O governo federal concentrou a política de microcrédito urbano nos últimos quatro anos em beneficiários do Bolsa Família e do Programa Nacional de Microcrédito Produtivo Orientado (PNMPO). O MDS estima que 10 milhões de famílias cadastradas empreendem no país, embora o número de beneficiários do microcrédito urbano ainda seja inferior a 4 milhões.
Santos e Silva informou que entre 67% e 70% dos tomadores de crédito atualmente são mulheres. Para enfrentar gargalos como taxas de juros e o baixo valor médio das operações, o programa Acredita estabeleceu um teto de Selic mais 2% ao ano para as instituições financeiras e subsidiou o custo do acompanhamento dos agentes de crédito.
No setor rural, a linha Pronaf B é voltada a quem não possui renda ou conta bancária, dispensando garantias e cobrando juros de 0,5% ao ano.
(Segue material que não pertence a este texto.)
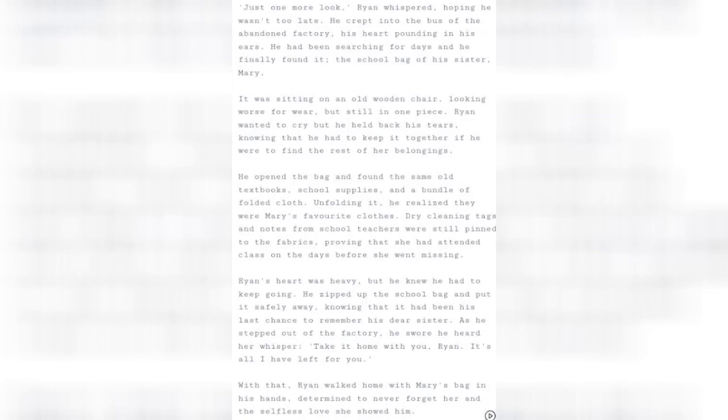It was sitting on an old wooden chair, looking worse for wear but still in one piece. Rian wanted to cry, but he held back his tears, knowing that he had to keep it together if he were to find the rest of her belongings.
Agricultores em situação de maior vulnerabilidade podem obter rebate de até 60% nesse valor, segundo Jânio Pereira de Melo, coordenador-geral do Ministério da Integração e do Desenvolvimento Regional (MIDR).
Melo afirmou que o Nordeste teve papel estratégico na consolidação desse modelo, com a atuação do Banco do Nordeste (BNB) e do programa AgroAmigo, servindo de referência para a expansão nas regiões Norte e Centro-Oeste.
Entre as inovações citadas está o Fundo Garantidor de Operações (FGO), criado em 2024. A ferramenta funciona como garantia do governo federal para pessoas físicas, o que reduz o risco para os bancos e pode permitir a redução de taxas no médio prazo, conforme a avaliação do MDS.